- Also known as: Cheyenne Cinnamon
- Genre: Animated Musical comedy Surreal humor Satire
- Created by: Dave Willis Matt Harrigan
- Written by: Dave Willis Matt Harrigan
- Voices of: Neko Case; Doom; Rachel Dratch; Kristen Schaal; MC Chris; Dana Snyder; T-Pain;
- Theme music composer: Butch Walker
- Opening theme: "Sugar Town Candy Fudge", performed by Sofia Toufa
- Composer: Butch Walker
- Country of origin: United States
- Original language: English

Production
- Executive producers: Keith Crofford Mike Lazzo
- Producers: Dave Hughes; Matt Harrigan; Dave Willis;
- Editor: Dave Hughes
- Running time: 11 minutes
- Production company: Williams Street

Original release
- Network: Adult Swim
- Release: March 29, 2010

= Cheyenne Cinnamon and the Fantabulous Unicorn of Sugar Town Candy Fudge =

2010 American TV series pilot

Cheyenne Cinnamon and the Fantabulous Unicorn of Sugar Town Candy Fudge (often shortened to Cheyenne Cinnamon) is an American adult animated television series pilot created by Dave Willis and Matt Harrigan for Cartoon Network's late night programming block Adult Swim. It originally aired on March 29, 2010 but was not picked up for a full series.

==Premise==
A pregnant young girl named Emily, who is in love with her softball coach, runs away from home but is taken in to be "saved" by Cheyenne.

After a tour of Sugar Town Candy Fudge and "Cocaine-o", the cocaine-spewing volcano, a brief time skip occurs and the young girl, now a teen mother trying to take care of her child, is dragged away from home by Cheyenne for a party. Cheyenne crashes her unicorn after blinding it with a cigarette, leaving the teen mother unconscious.
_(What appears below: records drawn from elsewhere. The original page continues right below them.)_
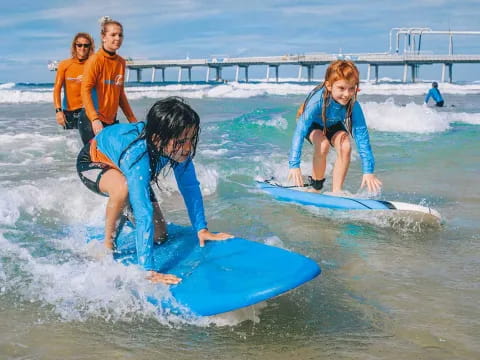 a group of people surfing in the sea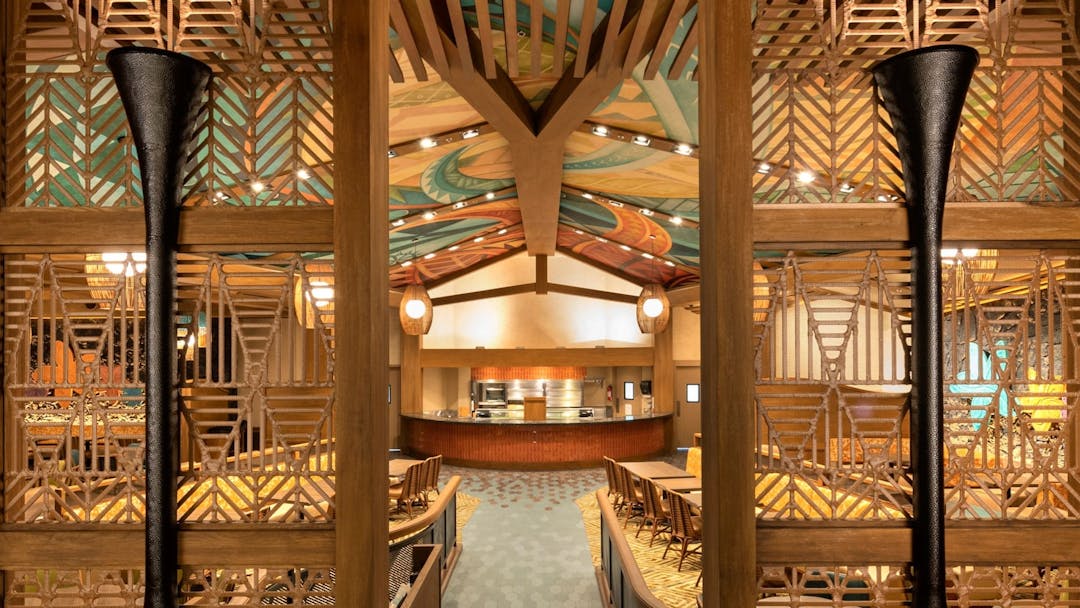 Dining hall with Polynesian inspired architecture including a ceiling mural and natural wood accents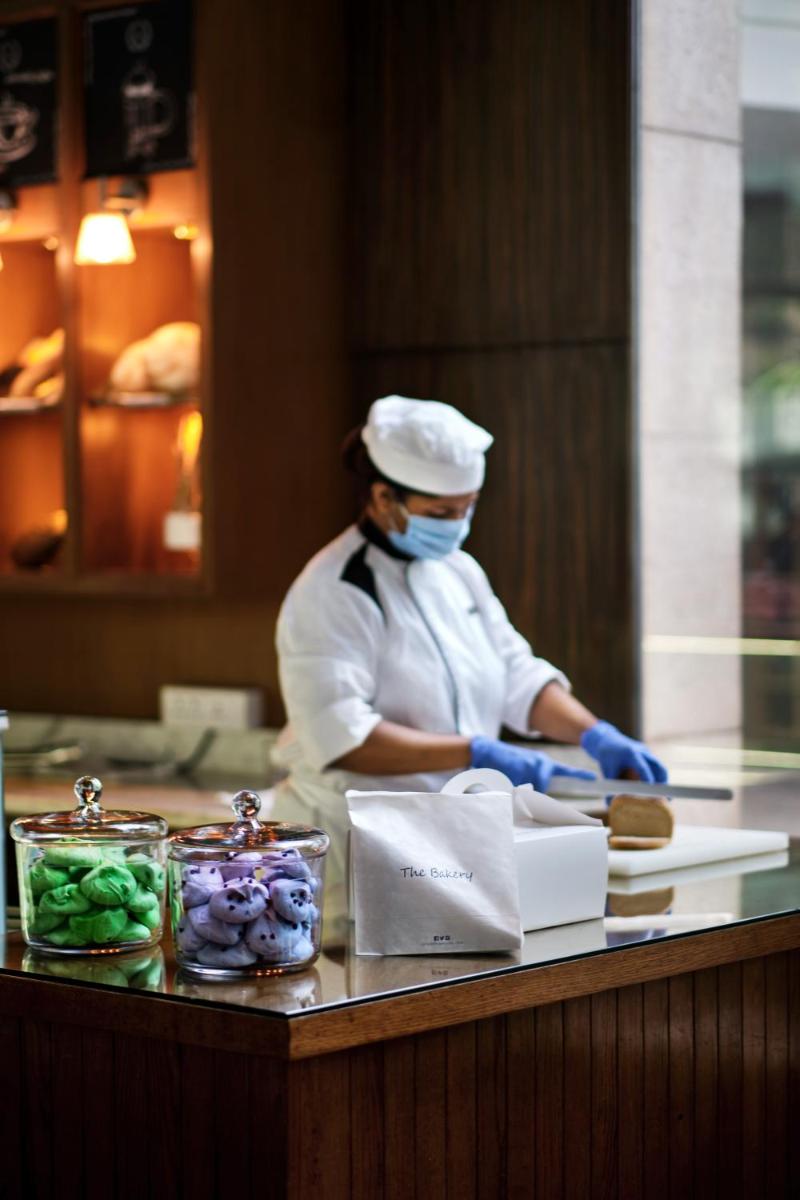 a chef wearing a face mask preparing food in a kitchen at Hyatt Regency Chandigarh in Chandīgarh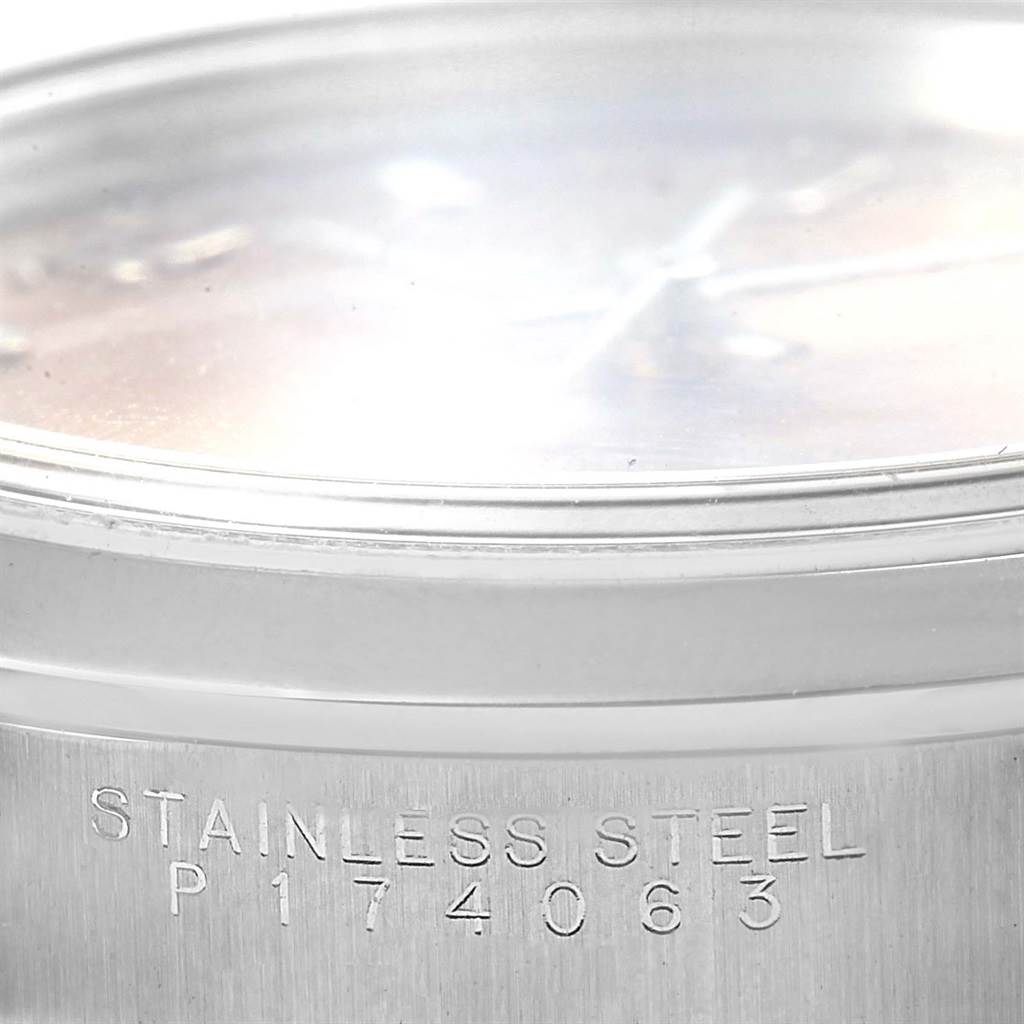 This image shows a close-up of the side of the bezel and part of the case with the serial number on a Rolex Datejust 15200 Men's Stainless Steel Pink Dial 15200 Men's Stainless Steel Pink Dial watch.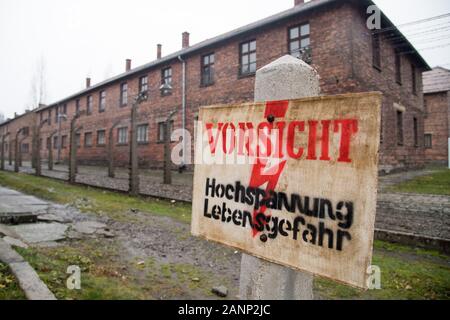 Vorsicht Hochsppannung Lebensgefahr sign (Caution, risk of electric shock sign) and barbed wire fence in Nazi German Konzentrationslager Auschwitz I S Stock Photo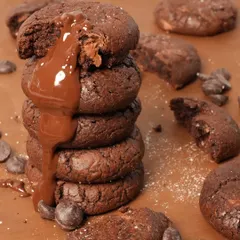 So gooey, so soft, a chocolate lover's dream. My Double Chocolate Chip Cookies are made to satisfy your deepest chocolate cravings, shown here with a decadent chocolate drizzle.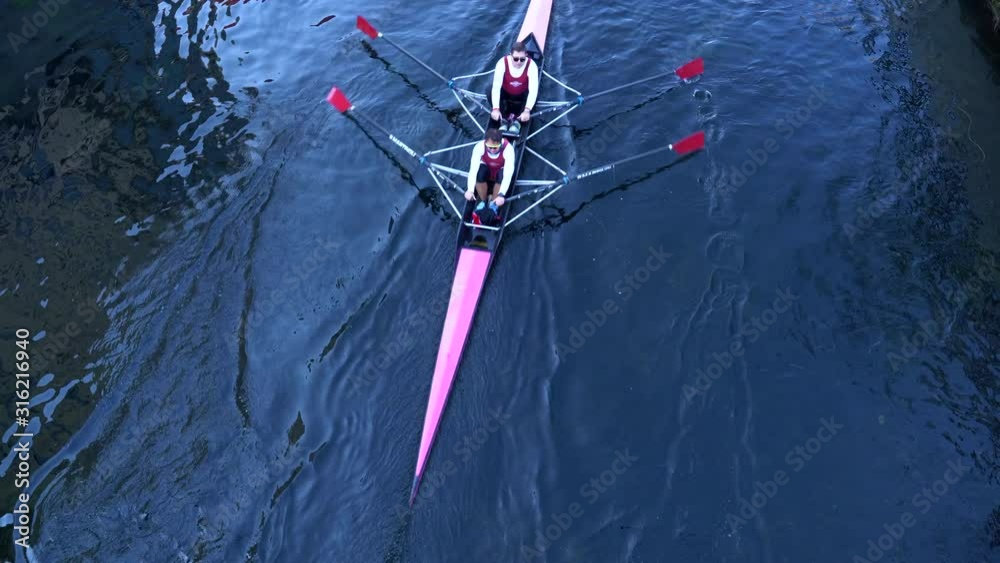 Rowboat with unrecognizable rowers seen from above.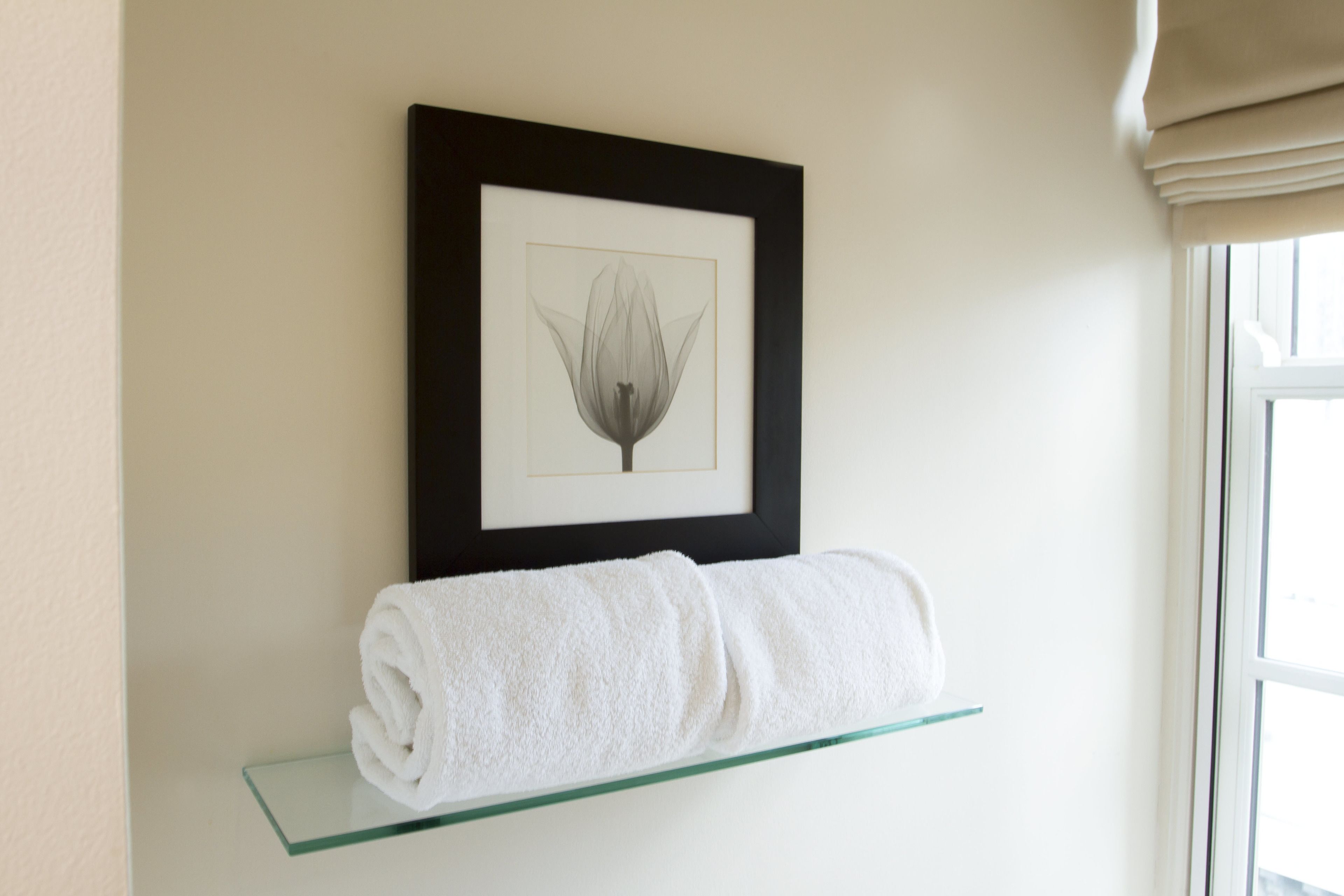 rainfall showerhead, designer toiletries, hair dryer, towels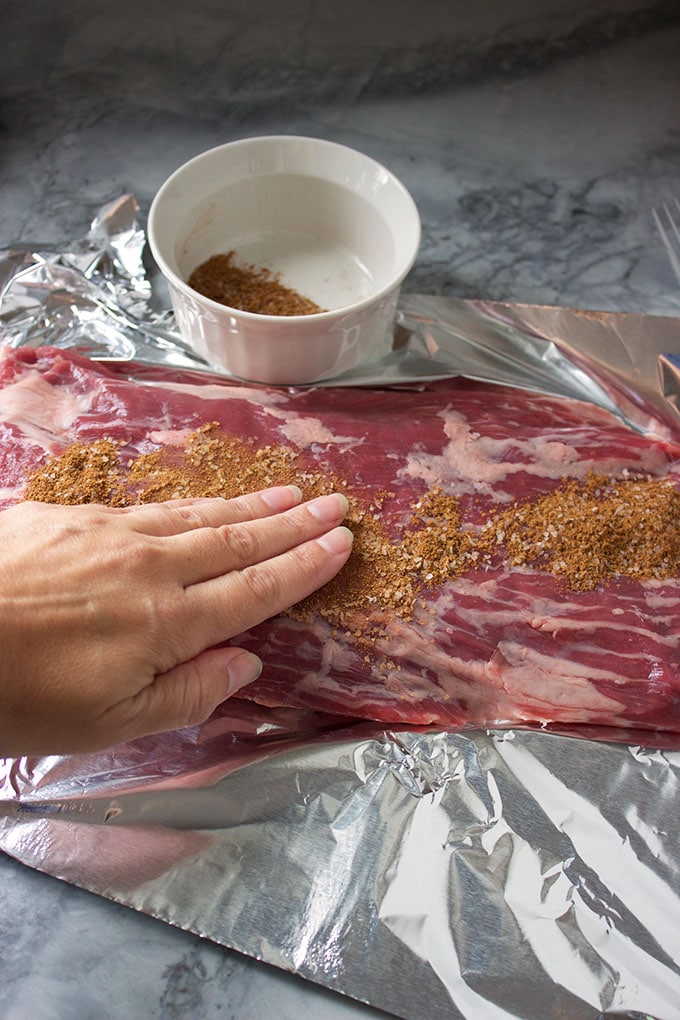 flank steak on foil with rub being applied.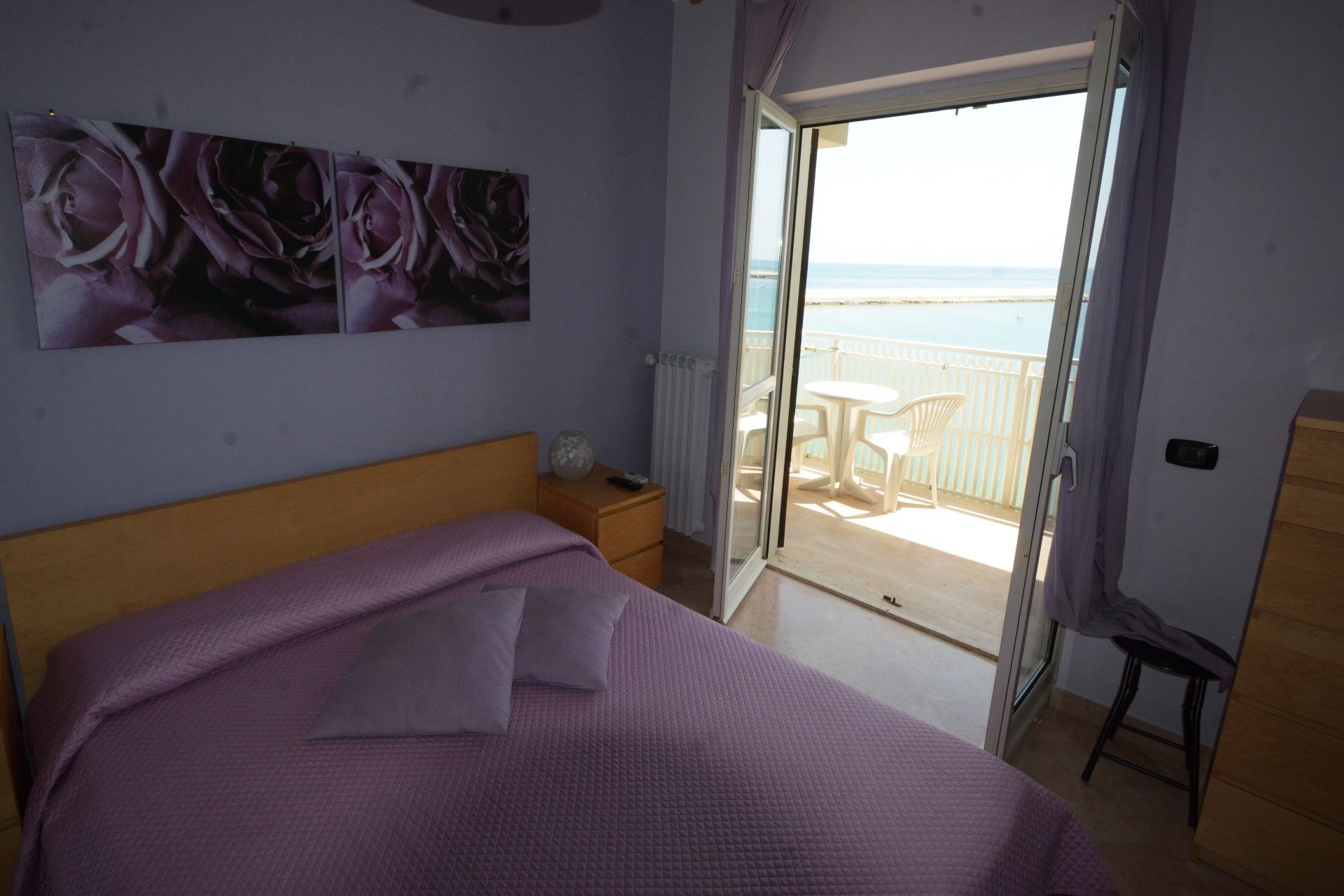 Une chambre à coucher avec un lit, une table de chevet, un tableau et une vue sur la mer par une porte ouverte.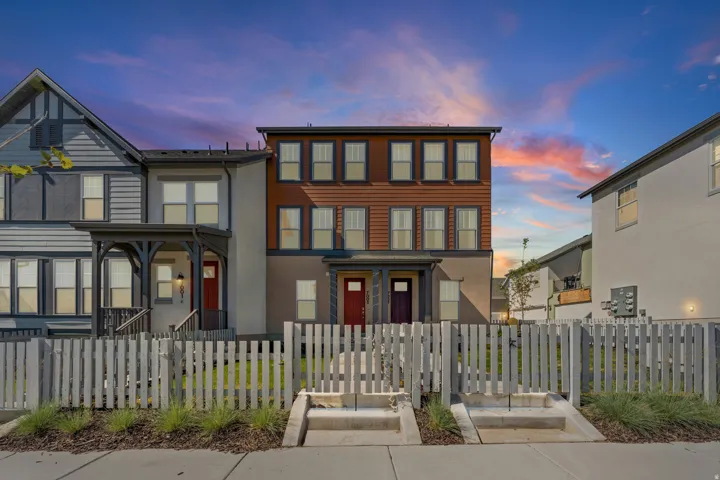 Multi-story townhome residences featuring diverse architectural styles and exterior finishes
A frantic Gummi runs to Cheyenne's rescue, demanding to know how much she had to drink and calling the police to report the unicorn as stolen.

==History and production==
Willis explained the plot as "a Strawberry Shortcake pop princess that lives in a candy wonderland just outside Detroit". She comes into Detroit and helps solve problems of racism and teen pregnancy "with the power of love and teen pop songs". The pilot episode was first released in the United States, as part of the Adult Swim in a Box DVD box set on October 27, 2009. The pilot was later posted on Adultswim.com as part of an online poll entitled "Big, Uber Network Sampling" in early 2010. The pilot episode eventually aired on television in the United States on Adult Swim on March 29, 2010, and had 744,000 viewers.

The central joke of the series is a parody of how pop music sensations are often nothing like their public image: while Cheyenne outwardly projects the image of being a clean and wholesome role model, she is in fact a heavy abuser of drugs and is very promiscuous. For example, Cheyenne can magically transport people to her base of operations in a Candyland-like environment, but it turns out that the volcano that at first appears to be spewing sugar is in fact spewing cocaine, which Cheyenne snorts off-camera.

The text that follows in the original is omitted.